Il secondo motivo è parimenti inammissibile mirando ad una “revisione” del giudizio sul meritum causae, che è di esclusiva competenza del giudice tributario speciale ed è invece inibito a questa Corte.

Peraltro va anche ribadito che “La violazione del precetto di cui all’art. 2697 c.c., si configura nell’ipotesi in cui il giudice abbia attribuito l’onere della prova ad una parte diversa da quella che ne era gravata in applicazione di detta norma, non anche quando, a seguito di una incongrua valutazione delle acquisizioni istruttorie, abbia ritenuto erroneamente che la parte onerata avesse assolto tale onere, poiché in questo caso vi è un erroneo apprezzamento sull’esito della prova, sindacabile in sede di legittimità solo per il vizio di cui all’art. 360 c.p.c., n. 5″ (tra le molte, v. Cass., n. 17313 del 19/08/2020, Rv. 658541 – 01).

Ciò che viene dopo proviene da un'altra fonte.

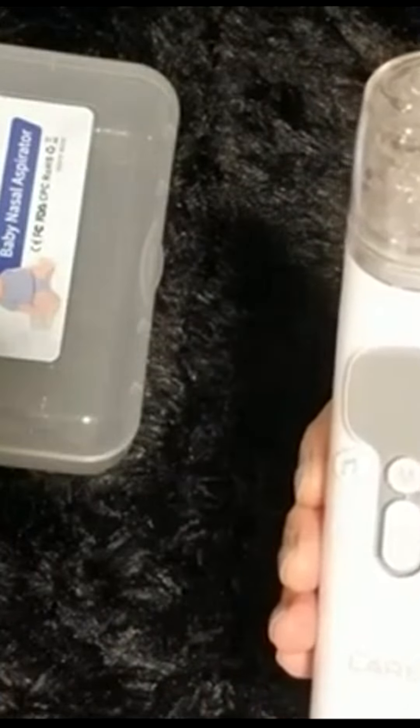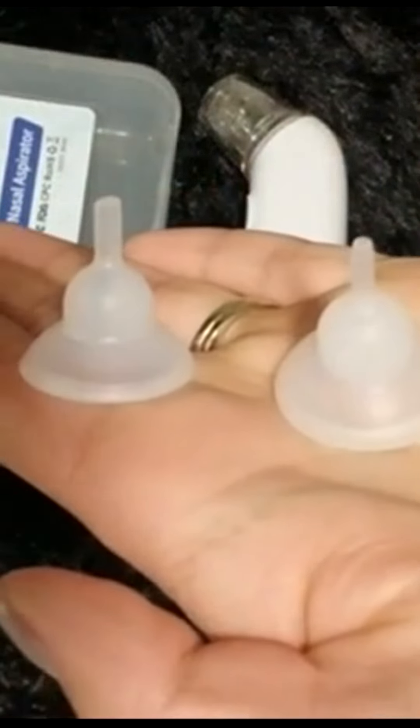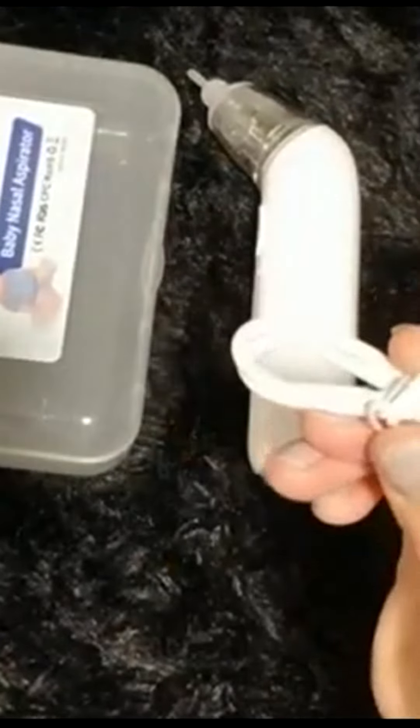There are three nozzle options: the round nozzle, the narrow round nozzle, or the needle-shaped nozzle. You can pick whichever you prefer for your child. We're using the needle-shaped nozzle — it just suctions right on top. On the bottom there's a USB port you can use to charge it.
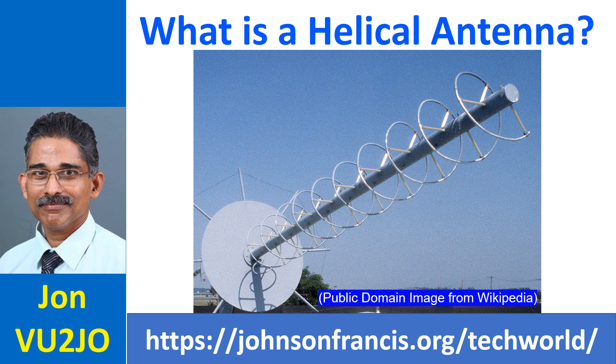Helical antenna, as the name implies, is an antenna in which one or more conducting wires are wound in the form of a helix. It is typically used in VHF and UHF ranges, with the most common example in amateur radio being the rubber ducky of handheld radios.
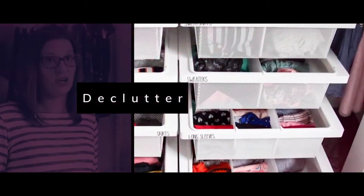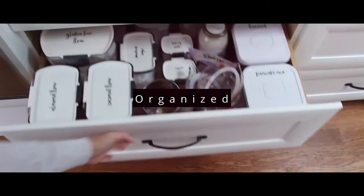Hi, my name is Jessica and I am the Organized Mama. I help families just like you with organizing tips, tricks, and tutorials.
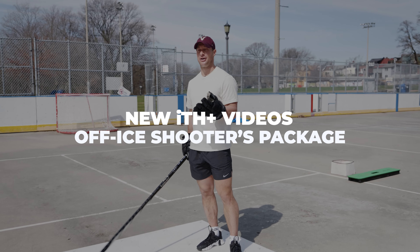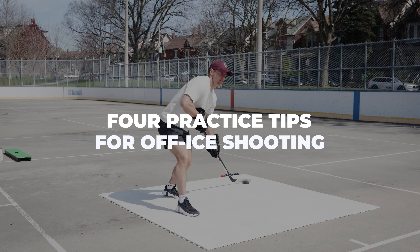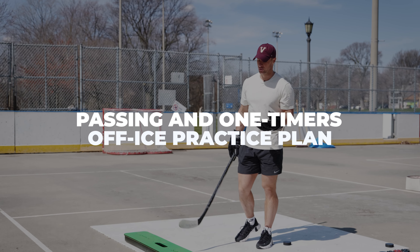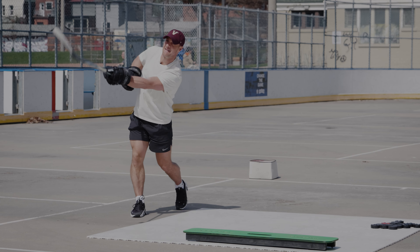Hey everyone, Sean Walker here from iTrainHockey. I'm here at Trinity Bellwoods Outdoor Rink. I'm going to be offering four different tips for shooting outdoors and shooting off of synthetic ice. We're going to do an off-ice training video using the Bower Slingshot, and we're going to offer a ton of different options if you have one of these tools.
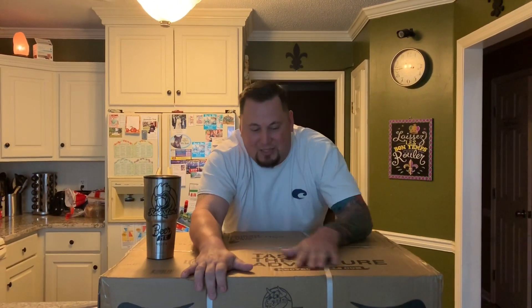Hey y'all, welcome back to Rooster's Barbecue! Got a fun little video today — I'm gonna unbox this masterpiece, the Rec Tec Matador. I actually won it this week in the Rec Tec Matador a Day Giveaway.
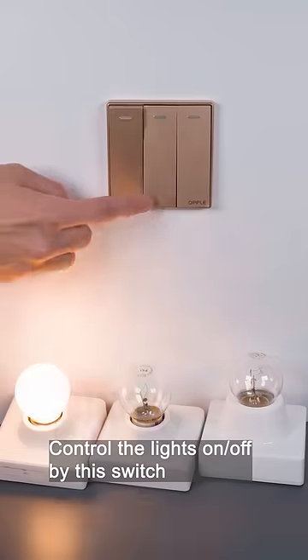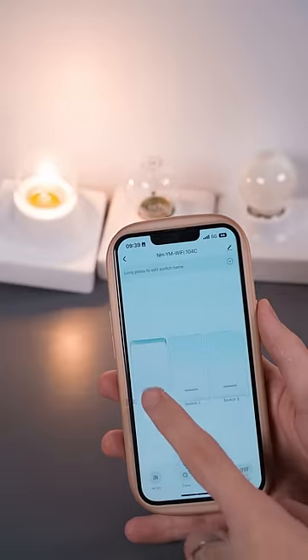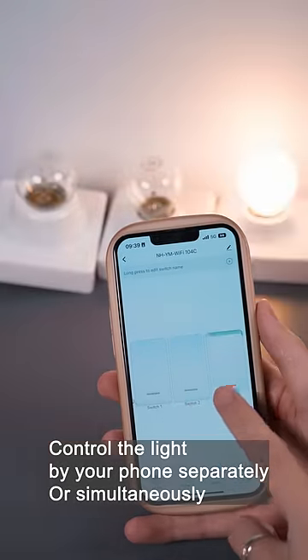Control the lights on or off by this switch. Control the light by your phone separately or simultaneously.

Orbene, appare chiaro che con la censura in esame la ricorrente si pone in contrasto con tale consolidato principio di diritto, poiché la sua critica non riguarda appunto l’attribuzione dell’onere della prova in ordine alla fondatezza dei fatti costitutivi delle pretese creditorie erariali, bensì il giudizio di assolvimento di tale onere, pur correttamente imputato, da parte del giudice tributario di appello.

La CTR ha infatti ritenuto di escludere sulla base della regolarità formale dell’atto di vendita, dell’esistenza della fattura e della sua registrazione nonché dell’integrale pagamento del prezzo documentato l’inesistenza dell’operazione facendo corretta applicazione dei principi in tema di riparto probatorio ritenendo che gli elementi forniti dall’Agenzia non fossero sufficienti a fondare la pretesa impositiva.

Il terzo motivo è infondato.

La CTR diversamente da quanto sostenuto dalla ricorrente non ha desunto un fatto (irrilevanza della retrocessione del prezzo) da un altro (riconducibilità della società venditrice e dell’a società acquirente alla stessa persona fisica) che non aveva attinenza con il primo.

Il giudice di appello ha affermato che l’imputazione del pagamento ” quale finanziamento socio” non poteva escludersi dal fatto che la società venditrice non fosse socia atteso che la stessa era di fatto riconducibile al soggetto a cui è attribuito il finanziamento sicché è proprio questo rapporto che rendeva verosimile il versamento diretto della venditrice per conto del suo titolare che era socio della società acquirente a titolo di finanziamento soci.

Il quarto motivo è infondato.

La CTR ha posto a fondamento del suo ragionamento plurimi elementi (regolarità formale dell’atto di vendita, dell’esistenza della fattura e della sua registrazione nonché dell’integrale pagamento del prezzo documentato) considerati idonei a dimostrare l’effettività dell’operazione.

Ha poi aggiunto a tali considerazione l’ulteriore argomento ad abundantiam rappresentato dal fatto che “normalmente nelle vicende che riguardano fatture per operazioni inesistenti si assiste a cessioni che in realtà non avvengono e dove il prezzo viene retrocesso in contanti”.

Alla stregua delle considerazioni sopra esposte il ricorso va rigettato.

La complessità delle questioni analizzate giustificano la compensazione delle spese di questa fase.

P.Q.M.

La Corte rigetta il ricorso; compensa le spese di legittimità.

Così deciso in Roma, il 15 dicembre 2021.